A more direct comparison with TSMC's 3nm: TSMC achieved ~280 MTr/mm² using single-layer silicon with process scaling. Huawei achieved 238 MTr/mm² using approximately twice the silicon material (two active layers). In terms of transistor output efficiency per unit of silicon material, LogicFolding's efficiency is actually lower than advanced process scaling.
This doesn't mean the Tau Scaling path lacks value—quite the opposite. Its value lies in providing a viable performance leap path for companies that cannot access advanced processes. It's simply important to understand that this is a "materials-for-density" route, fundamentally different from Moore's Law's "precision-for-density" in terms of resource consumption.
Stack Layers: Where Is Each Route's Ceiling?

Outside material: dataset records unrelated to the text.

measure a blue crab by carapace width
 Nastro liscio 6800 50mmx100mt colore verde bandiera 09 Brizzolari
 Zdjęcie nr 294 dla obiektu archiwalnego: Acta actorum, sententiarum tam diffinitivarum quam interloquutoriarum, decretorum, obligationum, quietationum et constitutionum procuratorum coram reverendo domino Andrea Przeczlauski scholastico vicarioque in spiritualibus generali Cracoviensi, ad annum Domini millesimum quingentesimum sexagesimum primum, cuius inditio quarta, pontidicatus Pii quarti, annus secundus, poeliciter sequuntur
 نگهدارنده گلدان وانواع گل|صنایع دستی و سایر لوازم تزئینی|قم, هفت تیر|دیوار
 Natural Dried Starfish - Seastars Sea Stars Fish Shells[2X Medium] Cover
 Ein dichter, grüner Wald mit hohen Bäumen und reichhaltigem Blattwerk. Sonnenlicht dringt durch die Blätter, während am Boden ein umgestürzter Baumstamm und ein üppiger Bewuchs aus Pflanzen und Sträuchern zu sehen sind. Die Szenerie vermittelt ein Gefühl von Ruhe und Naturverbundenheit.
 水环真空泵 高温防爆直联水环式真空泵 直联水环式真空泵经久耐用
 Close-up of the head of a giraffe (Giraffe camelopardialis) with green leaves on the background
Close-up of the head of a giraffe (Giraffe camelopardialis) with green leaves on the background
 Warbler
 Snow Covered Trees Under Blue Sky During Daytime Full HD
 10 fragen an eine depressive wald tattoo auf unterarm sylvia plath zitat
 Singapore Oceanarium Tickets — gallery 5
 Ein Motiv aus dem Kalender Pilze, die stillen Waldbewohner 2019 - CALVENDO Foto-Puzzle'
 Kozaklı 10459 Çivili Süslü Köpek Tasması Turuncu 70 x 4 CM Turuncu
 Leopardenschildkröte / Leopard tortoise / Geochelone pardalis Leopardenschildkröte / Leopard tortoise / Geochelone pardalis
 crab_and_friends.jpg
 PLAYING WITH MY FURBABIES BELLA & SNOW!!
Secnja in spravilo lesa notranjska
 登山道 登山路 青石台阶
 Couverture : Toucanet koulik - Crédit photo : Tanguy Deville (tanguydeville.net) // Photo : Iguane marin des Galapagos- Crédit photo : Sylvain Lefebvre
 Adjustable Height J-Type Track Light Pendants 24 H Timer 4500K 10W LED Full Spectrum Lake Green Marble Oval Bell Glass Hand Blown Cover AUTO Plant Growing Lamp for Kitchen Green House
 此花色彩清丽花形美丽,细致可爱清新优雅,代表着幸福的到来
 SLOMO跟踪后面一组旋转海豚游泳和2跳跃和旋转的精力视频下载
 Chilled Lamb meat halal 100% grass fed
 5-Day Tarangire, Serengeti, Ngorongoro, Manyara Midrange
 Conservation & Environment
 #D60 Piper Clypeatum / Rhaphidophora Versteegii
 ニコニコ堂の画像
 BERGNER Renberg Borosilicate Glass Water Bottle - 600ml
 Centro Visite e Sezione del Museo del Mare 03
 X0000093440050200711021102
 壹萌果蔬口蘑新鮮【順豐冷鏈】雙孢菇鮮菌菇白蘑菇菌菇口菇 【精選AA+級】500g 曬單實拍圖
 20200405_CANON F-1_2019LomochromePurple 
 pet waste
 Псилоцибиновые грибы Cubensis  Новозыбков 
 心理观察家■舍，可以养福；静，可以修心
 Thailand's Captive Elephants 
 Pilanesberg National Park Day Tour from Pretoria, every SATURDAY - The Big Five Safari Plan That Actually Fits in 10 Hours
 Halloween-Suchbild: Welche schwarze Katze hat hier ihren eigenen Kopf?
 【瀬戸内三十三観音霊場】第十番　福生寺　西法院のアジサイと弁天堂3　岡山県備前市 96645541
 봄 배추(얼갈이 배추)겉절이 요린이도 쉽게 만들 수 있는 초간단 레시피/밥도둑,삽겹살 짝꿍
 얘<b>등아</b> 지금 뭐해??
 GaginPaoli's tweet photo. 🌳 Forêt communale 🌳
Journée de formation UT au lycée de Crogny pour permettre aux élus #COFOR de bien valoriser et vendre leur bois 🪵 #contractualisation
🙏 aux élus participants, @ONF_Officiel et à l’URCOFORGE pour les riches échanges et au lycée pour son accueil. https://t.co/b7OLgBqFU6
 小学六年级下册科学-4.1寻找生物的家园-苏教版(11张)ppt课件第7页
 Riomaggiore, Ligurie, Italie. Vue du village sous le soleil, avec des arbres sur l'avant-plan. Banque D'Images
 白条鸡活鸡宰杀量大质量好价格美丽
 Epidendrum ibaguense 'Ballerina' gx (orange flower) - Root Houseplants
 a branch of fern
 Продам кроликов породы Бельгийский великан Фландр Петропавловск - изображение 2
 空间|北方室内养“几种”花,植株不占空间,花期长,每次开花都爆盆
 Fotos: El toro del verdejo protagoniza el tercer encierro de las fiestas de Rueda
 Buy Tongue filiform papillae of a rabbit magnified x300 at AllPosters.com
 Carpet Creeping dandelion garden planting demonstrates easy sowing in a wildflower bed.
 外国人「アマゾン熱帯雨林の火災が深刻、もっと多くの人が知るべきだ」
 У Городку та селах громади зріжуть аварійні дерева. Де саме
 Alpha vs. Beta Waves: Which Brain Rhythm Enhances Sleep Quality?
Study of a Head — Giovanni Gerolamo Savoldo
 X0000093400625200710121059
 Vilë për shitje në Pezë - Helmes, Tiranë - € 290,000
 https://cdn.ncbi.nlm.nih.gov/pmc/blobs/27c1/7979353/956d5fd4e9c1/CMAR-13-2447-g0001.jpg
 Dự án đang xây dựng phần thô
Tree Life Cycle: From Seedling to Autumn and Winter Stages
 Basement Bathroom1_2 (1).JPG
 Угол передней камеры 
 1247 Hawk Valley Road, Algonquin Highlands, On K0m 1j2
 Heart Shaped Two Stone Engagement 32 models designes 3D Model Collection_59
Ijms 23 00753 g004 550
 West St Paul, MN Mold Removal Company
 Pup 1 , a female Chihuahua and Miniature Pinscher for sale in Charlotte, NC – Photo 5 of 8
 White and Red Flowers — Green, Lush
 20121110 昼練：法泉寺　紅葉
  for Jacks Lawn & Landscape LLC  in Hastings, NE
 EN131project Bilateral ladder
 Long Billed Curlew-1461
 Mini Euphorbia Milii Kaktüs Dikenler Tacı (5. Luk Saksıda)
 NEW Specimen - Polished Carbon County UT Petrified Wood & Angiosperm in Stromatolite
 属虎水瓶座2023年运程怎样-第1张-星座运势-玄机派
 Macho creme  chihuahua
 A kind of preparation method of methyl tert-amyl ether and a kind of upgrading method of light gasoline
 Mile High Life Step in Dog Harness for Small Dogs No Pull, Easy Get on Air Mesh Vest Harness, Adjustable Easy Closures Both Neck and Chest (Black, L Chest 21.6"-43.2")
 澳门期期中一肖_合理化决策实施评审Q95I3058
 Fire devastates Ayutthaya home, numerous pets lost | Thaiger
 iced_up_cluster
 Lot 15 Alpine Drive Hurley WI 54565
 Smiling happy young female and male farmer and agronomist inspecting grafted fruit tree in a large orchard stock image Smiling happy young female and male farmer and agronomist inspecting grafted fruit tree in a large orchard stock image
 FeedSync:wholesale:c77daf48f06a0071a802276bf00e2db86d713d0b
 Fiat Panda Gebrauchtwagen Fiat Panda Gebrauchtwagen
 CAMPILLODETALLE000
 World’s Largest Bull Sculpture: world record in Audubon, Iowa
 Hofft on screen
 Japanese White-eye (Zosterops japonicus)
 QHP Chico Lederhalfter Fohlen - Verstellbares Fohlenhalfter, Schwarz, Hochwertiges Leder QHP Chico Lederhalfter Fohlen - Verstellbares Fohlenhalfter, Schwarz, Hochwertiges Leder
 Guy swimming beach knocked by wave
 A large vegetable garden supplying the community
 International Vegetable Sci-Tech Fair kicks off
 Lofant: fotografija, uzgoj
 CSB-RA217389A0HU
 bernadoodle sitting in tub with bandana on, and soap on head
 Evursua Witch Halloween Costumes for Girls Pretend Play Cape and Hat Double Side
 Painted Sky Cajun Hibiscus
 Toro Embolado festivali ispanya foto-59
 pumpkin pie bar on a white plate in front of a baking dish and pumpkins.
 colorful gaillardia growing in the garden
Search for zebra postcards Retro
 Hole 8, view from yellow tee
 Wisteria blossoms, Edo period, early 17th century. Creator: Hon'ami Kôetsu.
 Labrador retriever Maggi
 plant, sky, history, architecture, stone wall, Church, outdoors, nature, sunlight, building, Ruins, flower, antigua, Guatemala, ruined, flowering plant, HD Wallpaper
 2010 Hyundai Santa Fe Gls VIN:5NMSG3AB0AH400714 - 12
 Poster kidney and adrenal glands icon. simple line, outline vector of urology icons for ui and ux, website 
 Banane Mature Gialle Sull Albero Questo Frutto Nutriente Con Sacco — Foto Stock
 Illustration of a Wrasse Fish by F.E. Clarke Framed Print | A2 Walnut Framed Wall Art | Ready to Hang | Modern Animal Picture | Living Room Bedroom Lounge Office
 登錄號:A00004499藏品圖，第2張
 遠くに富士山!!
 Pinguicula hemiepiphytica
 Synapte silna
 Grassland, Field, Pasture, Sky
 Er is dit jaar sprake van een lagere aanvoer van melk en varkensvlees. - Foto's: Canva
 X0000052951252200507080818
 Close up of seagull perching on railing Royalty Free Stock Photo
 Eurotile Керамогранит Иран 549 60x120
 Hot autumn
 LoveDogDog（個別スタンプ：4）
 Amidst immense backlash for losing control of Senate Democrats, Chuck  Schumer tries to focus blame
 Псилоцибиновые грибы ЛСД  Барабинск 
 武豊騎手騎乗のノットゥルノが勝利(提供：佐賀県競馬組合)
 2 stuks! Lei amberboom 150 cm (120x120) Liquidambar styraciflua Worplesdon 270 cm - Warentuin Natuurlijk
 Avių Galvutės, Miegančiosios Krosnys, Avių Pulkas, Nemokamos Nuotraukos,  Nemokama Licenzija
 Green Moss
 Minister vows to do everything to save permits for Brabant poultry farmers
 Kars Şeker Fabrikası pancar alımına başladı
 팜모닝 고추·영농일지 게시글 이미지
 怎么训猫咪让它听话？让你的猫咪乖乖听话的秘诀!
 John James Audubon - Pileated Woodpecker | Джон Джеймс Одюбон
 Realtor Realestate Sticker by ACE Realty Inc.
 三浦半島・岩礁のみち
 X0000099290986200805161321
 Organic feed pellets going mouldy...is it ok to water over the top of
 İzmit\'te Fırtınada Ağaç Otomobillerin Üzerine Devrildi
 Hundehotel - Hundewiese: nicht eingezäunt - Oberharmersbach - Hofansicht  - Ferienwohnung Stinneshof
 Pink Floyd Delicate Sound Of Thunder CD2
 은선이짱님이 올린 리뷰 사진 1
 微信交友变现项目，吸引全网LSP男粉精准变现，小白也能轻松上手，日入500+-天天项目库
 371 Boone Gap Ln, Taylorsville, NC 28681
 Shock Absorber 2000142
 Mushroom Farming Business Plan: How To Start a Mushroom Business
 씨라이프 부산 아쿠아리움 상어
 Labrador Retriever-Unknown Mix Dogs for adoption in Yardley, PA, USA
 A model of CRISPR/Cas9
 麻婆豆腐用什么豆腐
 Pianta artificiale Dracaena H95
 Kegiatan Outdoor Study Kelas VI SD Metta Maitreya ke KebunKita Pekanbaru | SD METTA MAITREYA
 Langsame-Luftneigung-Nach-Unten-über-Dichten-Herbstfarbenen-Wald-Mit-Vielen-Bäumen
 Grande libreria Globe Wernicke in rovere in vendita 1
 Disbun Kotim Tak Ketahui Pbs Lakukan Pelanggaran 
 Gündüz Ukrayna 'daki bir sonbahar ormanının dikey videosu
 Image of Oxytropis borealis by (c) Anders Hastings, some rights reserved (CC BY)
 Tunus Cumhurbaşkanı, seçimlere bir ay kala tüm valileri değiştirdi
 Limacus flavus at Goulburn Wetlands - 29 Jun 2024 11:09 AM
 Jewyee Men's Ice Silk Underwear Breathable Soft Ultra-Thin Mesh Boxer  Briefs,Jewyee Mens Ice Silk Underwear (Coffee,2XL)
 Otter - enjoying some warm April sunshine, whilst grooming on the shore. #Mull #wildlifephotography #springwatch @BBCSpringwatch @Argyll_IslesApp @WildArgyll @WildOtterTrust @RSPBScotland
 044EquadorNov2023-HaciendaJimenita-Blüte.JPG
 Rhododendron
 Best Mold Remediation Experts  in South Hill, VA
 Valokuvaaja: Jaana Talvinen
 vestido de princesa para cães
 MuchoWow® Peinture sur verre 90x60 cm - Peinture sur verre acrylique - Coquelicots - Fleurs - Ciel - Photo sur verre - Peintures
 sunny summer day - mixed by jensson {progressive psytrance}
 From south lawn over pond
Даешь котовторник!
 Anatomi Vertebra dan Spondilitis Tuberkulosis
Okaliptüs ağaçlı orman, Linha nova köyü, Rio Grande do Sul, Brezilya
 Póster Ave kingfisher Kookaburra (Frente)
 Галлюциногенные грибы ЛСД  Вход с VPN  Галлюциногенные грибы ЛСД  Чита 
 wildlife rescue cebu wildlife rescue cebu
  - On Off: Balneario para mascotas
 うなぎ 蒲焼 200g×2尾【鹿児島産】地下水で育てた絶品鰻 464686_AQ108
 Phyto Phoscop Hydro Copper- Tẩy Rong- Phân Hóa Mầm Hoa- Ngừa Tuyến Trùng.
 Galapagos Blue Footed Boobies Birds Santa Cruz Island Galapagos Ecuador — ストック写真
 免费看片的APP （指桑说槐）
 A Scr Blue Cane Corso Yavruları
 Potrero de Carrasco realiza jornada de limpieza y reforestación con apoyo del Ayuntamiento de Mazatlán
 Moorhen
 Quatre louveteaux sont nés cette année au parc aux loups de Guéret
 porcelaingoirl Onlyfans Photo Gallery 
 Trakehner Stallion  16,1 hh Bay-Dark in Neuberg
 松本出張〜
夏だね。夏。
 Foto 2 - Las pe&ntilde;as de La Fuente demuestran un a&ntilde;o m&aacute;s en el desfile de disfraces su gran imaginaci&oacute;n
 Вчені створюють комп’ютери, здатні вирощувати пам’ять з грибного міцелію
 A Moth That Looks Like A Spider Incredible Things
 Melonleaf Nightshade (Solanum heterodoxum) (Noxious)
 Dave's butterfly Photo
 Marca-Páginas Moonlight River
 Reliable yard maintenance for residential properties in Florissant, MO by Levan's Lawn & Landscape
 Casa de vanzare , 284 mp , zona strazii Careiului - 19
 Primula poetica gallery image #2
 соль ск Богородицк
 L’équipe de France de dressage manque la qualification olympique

Stack layer count is a critical parameter for understanding each technology path's ceiling:
| Technology Route | Current Stack Layers | Near-Term Target | Core Limitation |
|---|---|---|---|
| HBM (Memory Stacking) | 12 layers in production (HBM3E) | 16-20 layers (HBM4) | Thermal resistance accumulation: bottom die heat must traverse all upper layers to reach the heatsink. 4-layer HBM2 stacking can have a 24°C internal temperature differential |
| TSMC SoIC (die-to-die) | 2 layers (face-to-face) | More heterogeneous combinations | Each additional die requires another wafer bonding step; yield loss compounds |
| Intel Foveros | 2-3 layers | Foveros Direct 3+ | Same as SoIC, but higher hybrid bonding precision (12.5μm pitch) |
| Huawei LogicFolding | 2 active layers (Kirin 2026) | 3-4 active layers (paper roadmap) | Thermal density catastrophe: vertically stacked active logic layers generate far more heat than memory stacking; power density increases geometrically |
| Carbon Nanotube M3D | 4 layers (SkyWater prototype) | Theoretically unlimited | Low-temperature process (<200°C) solves thermal budget constraints; the only route not thermally limited |
| 3D NAND (Reference) | 300+ layers | 400+ layers | Memory cells generate negligible heat; logic layer stacking is not directly comparable |
Key Distinction: Memory Stacking vs. Logic Layer Stacking. HBM can reach 12-16 layers and 3D NAND exceeds 300 layers because memory cells generate minimal heat (~5-10W per DRAM layer, NAND layers generate almost no heat). Logic layers have 10-100× the power density per square millimeter. Huawei's two active logic layers delivered 53.5% density improvement but already reached the thermal limits of phone form factors; data centers with more generous cooling have more headroom for stacking.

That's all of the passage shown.